Доброта дедушки Егора щедро питала всех нас, а ему в этом помогала сама природа. Да, это тот самый Егор Николаевич, что долгое время прожил в городе на Неве, служил в армянской церкви. За усердие и трудолюбив на пятнадцатом году службы получил повышение и еще десять лет в этой же церкви на Невском проспекте был старостой.

Возвратясь под старость в свою родную деревню Амур, дедушка занимался только рыбалкой и своим маленьким огородом. Его очень любили деревенские мальчишки: он был тихим, добрым, ласковым.

А разве забудешь его постоянную заботу о маме и обо всех нас! Бывало, придет, принесет маме налима или щуку и спросит:

— Ну, как Агриппина, о Петре слышно ли чего?

— Да говорят… вроде бы к весне обещают отпустить.

— Вот видишь, — искренне радуется дедушка. — А я что тебе говорил? Надо только терпеть и ждать.

— Да говорят еще, будто не в себе он после… — и мама прикладывает к глазам передник.

— Это после того, как с мертвяками-то долежал? Э, брось! Мертвенькие, они ведь тихие, никого не обидят.

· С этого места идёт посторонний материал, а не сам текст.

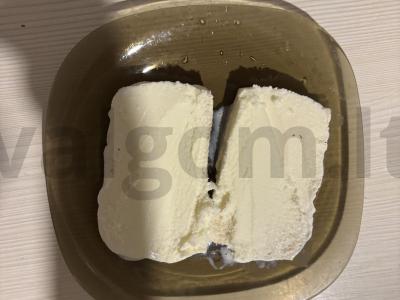 Greitas desertas iš vanilinio ledų, braškių ir lazdyno riešutų Žingsnis 4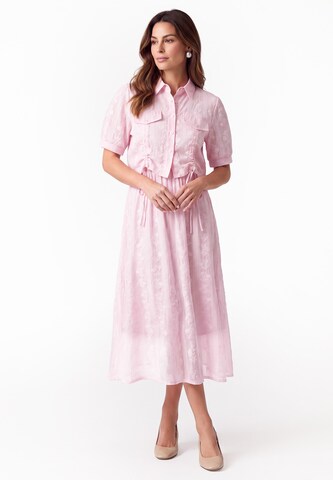 Usha - Vestido em rosa: frente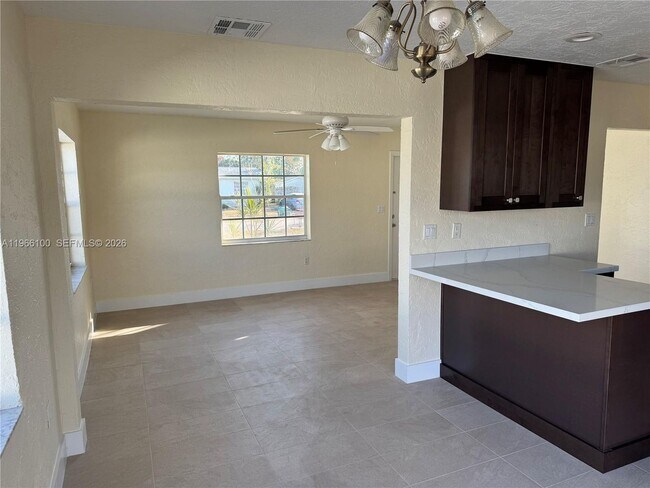 Foto del edificio - 16765 SW 301st St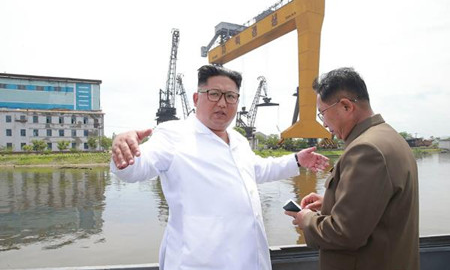 金正恩视察造船厂要求进一步发展朝鲜船舶工业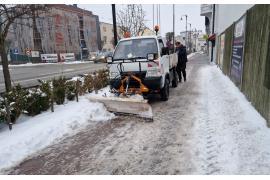 <b>CZERSK. Występują opady marznącego deszczu. Jest ślisko. Uważajcie! (ZDJĘCIA, WIDEO)</b>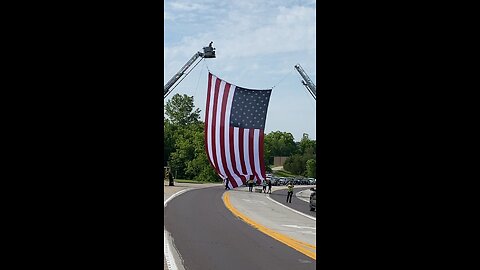 Run for the Wall 2023 - Wentzville, Mo Raising Old Glory 🇺🇸🇺🇸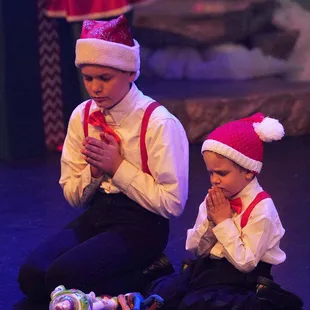 Scene from "The Real Christmas Story" at the NarroWay Theatre.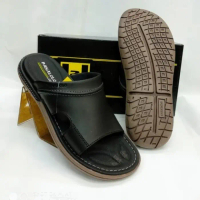 SANDAL CASUAL PRIA PAKALOLO HITAM ART N0945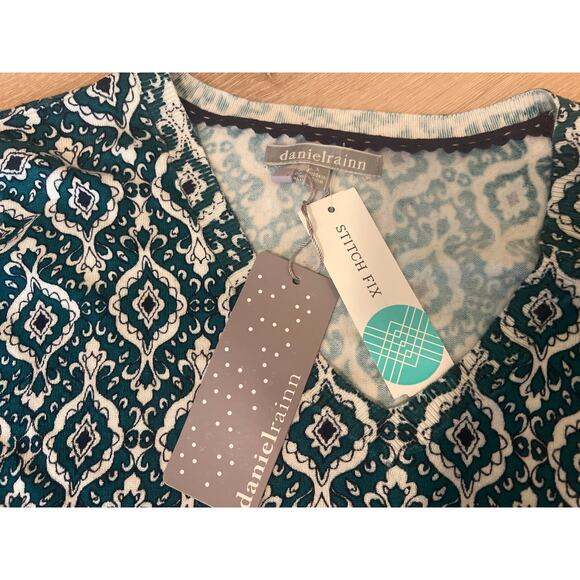 NWT Daniel Rainn Women’s Ari V Neck Sweater Medallion Size Large Teal Blue - Picture 3 of 6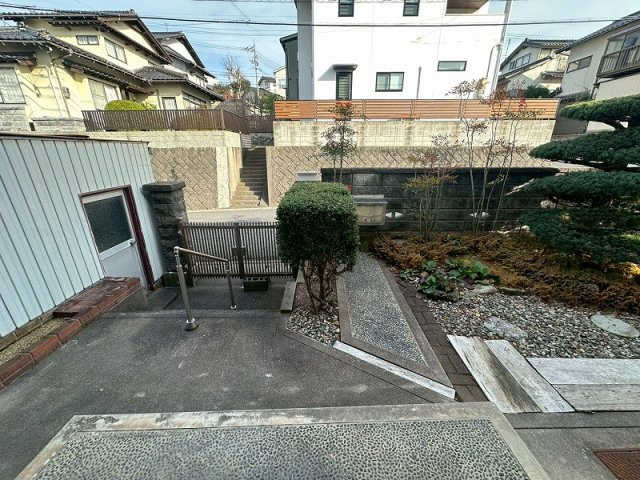 【庭】 | 上乃木1丁目中古戸建 | 玄関先スペースです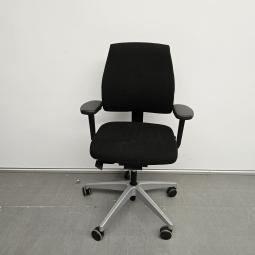  - 2025-10-16 12.05.23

И Петру твоему ничего не сделали. Ты не реви. Вернется, одумается, опять человеком полезным станет.

А однажды дедушка Егор принес мне с братом сплетенные из ивовых прутьев мережки. Он сплел их с учетом ребячьих сил — маленькие.

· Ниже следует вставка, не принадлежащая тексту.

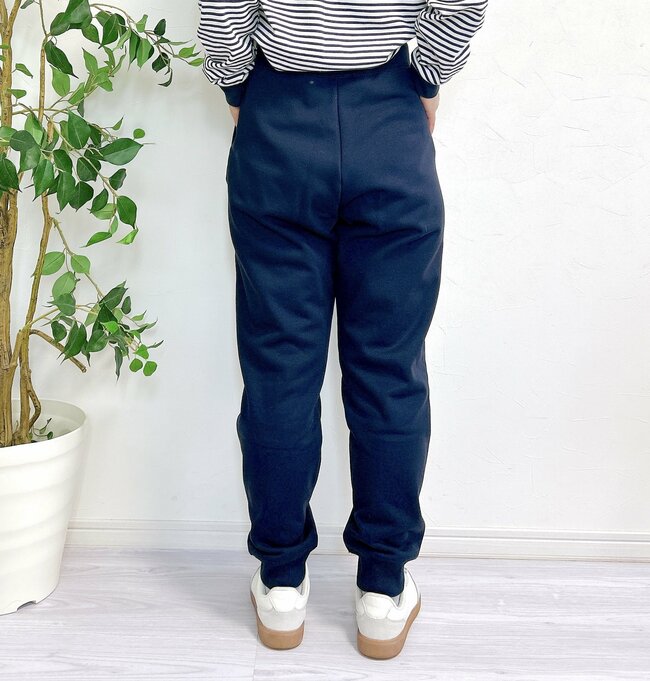 「これ無しで冬は乗り越えられない」ユニクロの“まるで履く毛布”がスッキリ見えして楽ちん!「夫婦でリピート買い」「こんなにも暖かいんだと感動」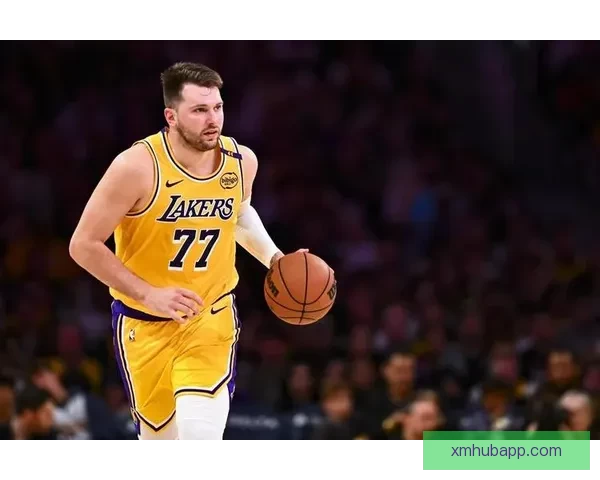 湖人雪上加霜 里夫斯二级拉伤将缺席常规赛 东契奇无限期休战加剧局势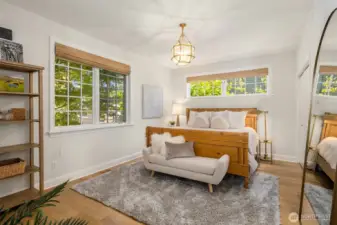 Main level guest suite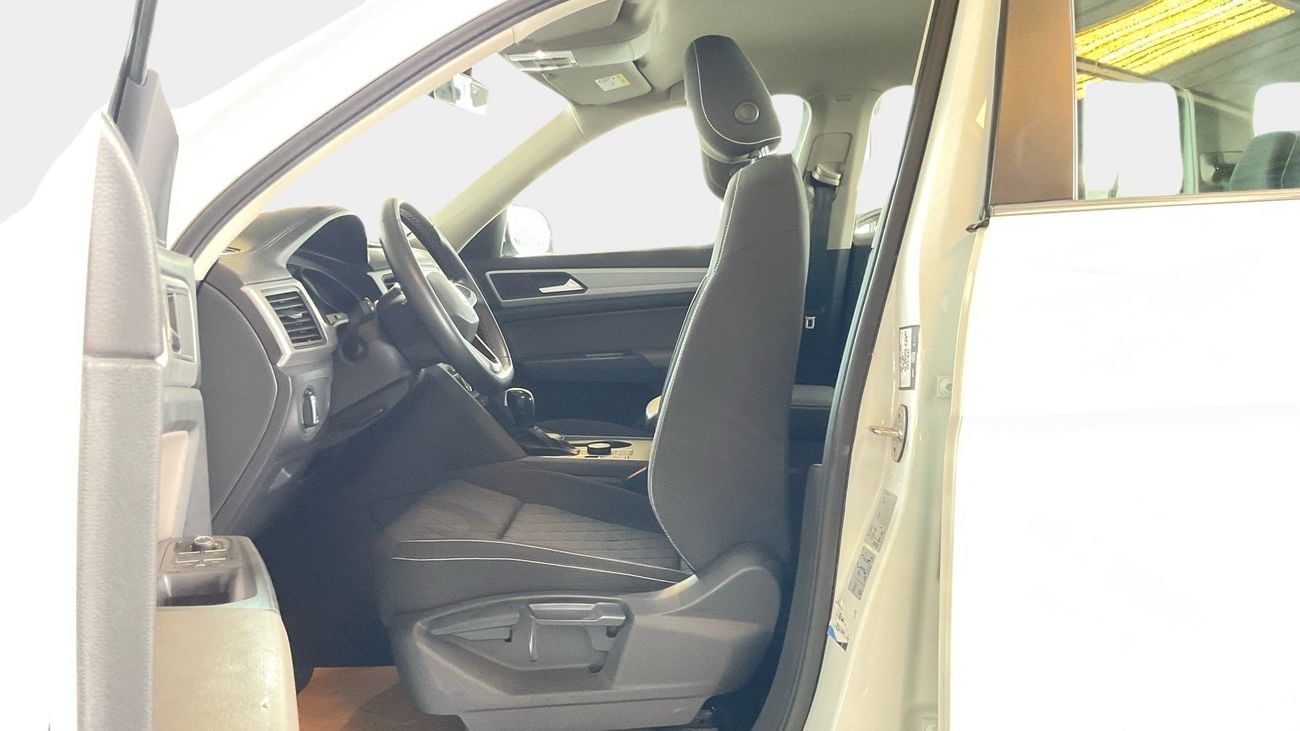 Volkswagen Teramont TRENDLINE | Guaranteed Warranty | 0 Down Payment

— С вечера в камышики поставите, — говорил он ласково, улыбаясь, — а утречком, глядишь, и рыбка на ушицу.

Как же мы радовались с Колей этому подарку и как благодарны были доброте и заботе о нас!..

Когда в Бикбарде звонил большой колокол, призывая к вечерне, дедушка Егор оставлял все мирские дела и шел в церковь.

И мне, мальчишке, было как-то странно видеть, что за это недолюбливали деда Егора все его пять братьев. Особенно — мой дед Никифор.

— Лодырь он, Егорка-то, — ворчал мой родной дед, — сбаловался в городу-то. Все б ему только налимов ловить да в церкву ходить.

А если уж в кои веки к нам выбирался родной дед Никифор, мы с братом Колей либо пытались исчезнуть из дома, либо забиться в угол так, чтобы нас было не видно и не слышно. Дедка был глух, как тетерев на току, поэтому разговаривать было очень трудно. Приходилось кричать ему в самое ухо.